Le silence de l’agneau ou la possession animale…
La directrice adjointe du centre de recherche à sa propre histoire, qui l’a conduite notamment à perdre l’usage d’une partie de sa main à l’usine. Comme un malheur n’arrive jamais seul, c’est le moment où son mari devient accroc aux jeux en ligne. Le divorce reste donc la dernière option pour elle. Mais l’inquiétude continue à peser sur son avenir et celui de sa fille. Sa rencontre avec des moutons « opérés » changera pas mal de choses….
Nous rentrons ici un peu plus dans la culture coréenne et notamment le poids familial pour les femmes. Cette nouvelle est déstabilisante, déjà parce qu’il est surprenant d’axer une possession sur un agneau. Ensuite parce que toute l’ambiance de cette nouvelle est réellement étrange et nous permet d’en apprendre plus sur la directrice adjointe…
Oiseau bleu et chat innocent
La découverte d’un livre permettra au veilleur de découvrir une nouvelle histoire dans Oiseau Bleu. Celle d’une femme qui doit fuir avec son enfant. Une seule option pour qu’il survive : l’abandonner. Alors que la femme arrive à partir, les soldats trouvent le bébé mais décide de le laisser mourir tout seul dans les bois. Comme souvent dans ce genre de conte, une famille pauvre élèvera l’enfant.
Antépenultième nouvelle de ce recueil, Pourquoi le chat ? est celle que j’ai le plus appréciée. On y apprend l’histoire de cet homme qui entretenait une liaison avec la femme de son ami. suite au décès de ce dernier. Je vous laisse découvrir cette histoire savoureuse d’une histoire relativement banale finalement.
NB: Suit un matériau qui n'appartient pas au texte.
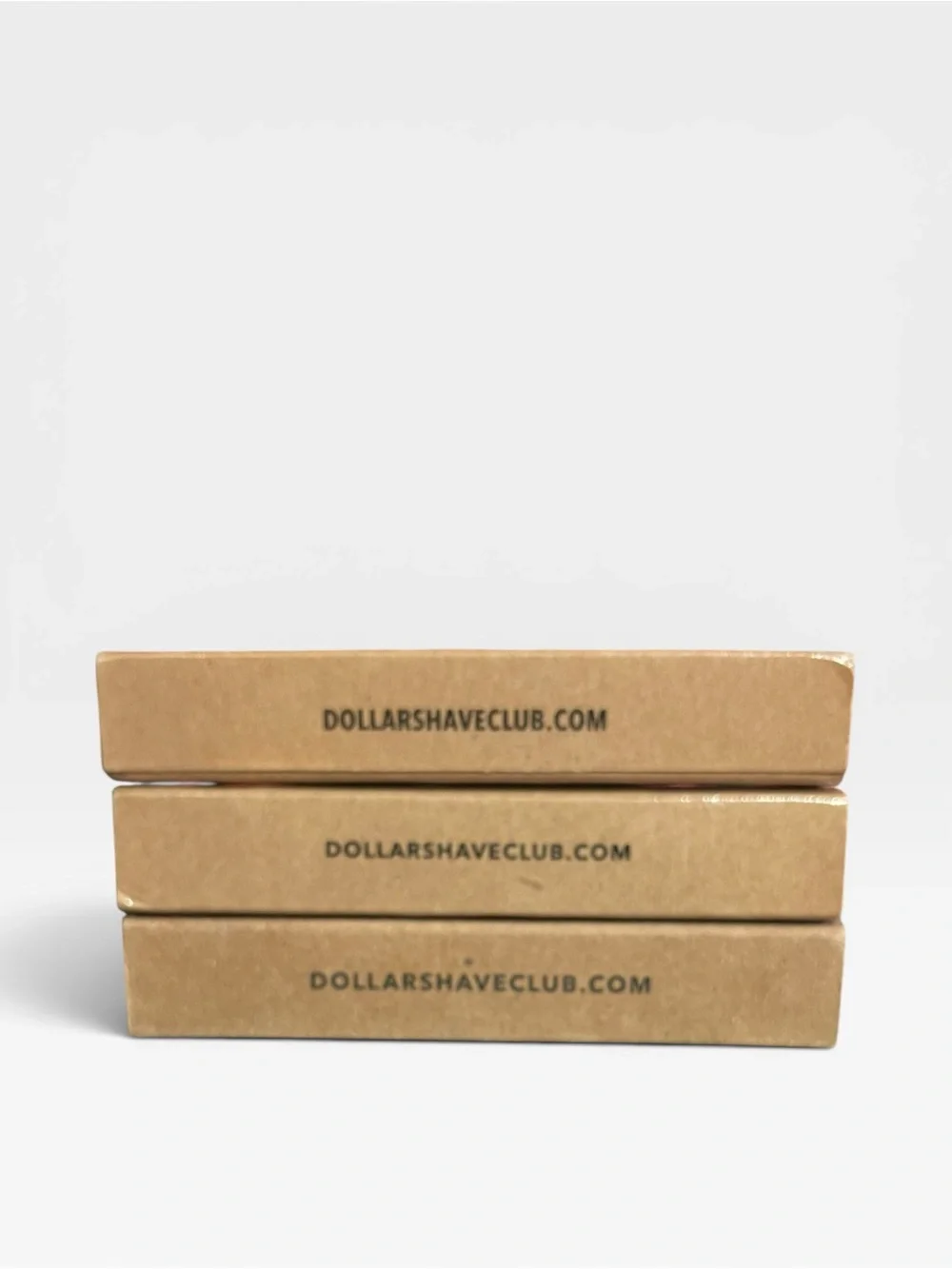 RAW Single Edge Razor Blades - Kraft Cardboard Pack (Brown)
La conclusion de ce recueil sera un bain de soleil où les différents objets du Centre de Recherche prennent un peu l’air.
Un recueil de nouvelle plutôt sympathique à consommer sans modération.
Editions Rivage (Janvier 2025) – Collection Imaginaire – 174 pages – 19,50 € – 97827436662448
Traduction : Kyungran Choi et Pierre Bisiou (Coréen)
Titre Original (anglais) : The Midnight Timetable (2023)
Couverture : Silence de Cate Rangel
Une gardienne de nuit raconte ses rondes dans les couloirs d’un étrange institut de recherche où sont conservées des objets paranormaux. Chaque laboratoire recèle un mystère : un mouchoir brodé d’un oiseau bleu narrant une tragédie familiale, des baskets hantées par un mouton aux pouvoirs surnaturels, un livre relatant les légendes d’un royaume disparu, ou encore un chat qui demande : « Mais pourquoi m’a-t-il tué ? ». A travers ces récits de malédiction et de vengeance, Bora Chung dénonce les horreurs bien réelles de notre époque et porte un regard bienveillant sur les minorités et les animaux.